### YOUR OBJECTIVE
All of the data below should be set down again verbatim, without any images.

Start of DATA SECTION

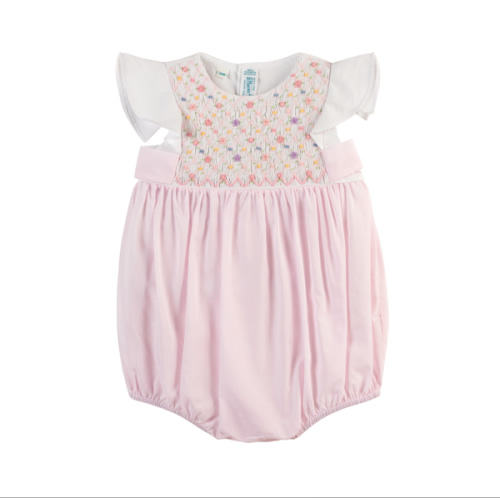 Newborn Baby Girl Clothes | Baby Girl Flower Smocked Romper | Feltman Brothers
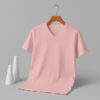 V Neck(100% Cotton Single Jersey) - Baby Pink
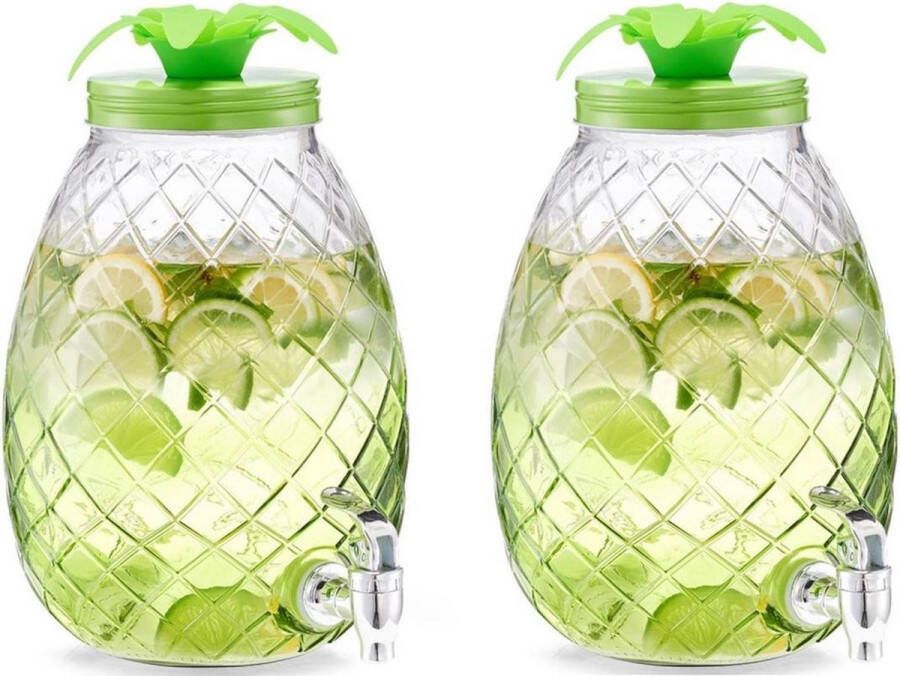 Zeller 2x Groene glazen drank dispensers ananas 4 5 liter Keukenbenodigdheden Zomers tropisch tuinfeest decoratie Dranken serveren Drankdispensers Dispensers voor o.a. sappen en limonade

End of DATA SECTION

### WRITTEN ANSWER
 Newborn Baby Girl Clothes | Baby Girl Flower Smocked Romper | Feltman Brothers
 V Neck(100% Cotton Single Jersey) - Baby Pink
 Zeller 2x Groene glazen drank dispensers ananas 4 5 liter Keukenbenodigdheden Zomers tropisch tuinfeest decoratie Dranken serveren Drankdispensers Dispensers voor o.a. sappen en limonade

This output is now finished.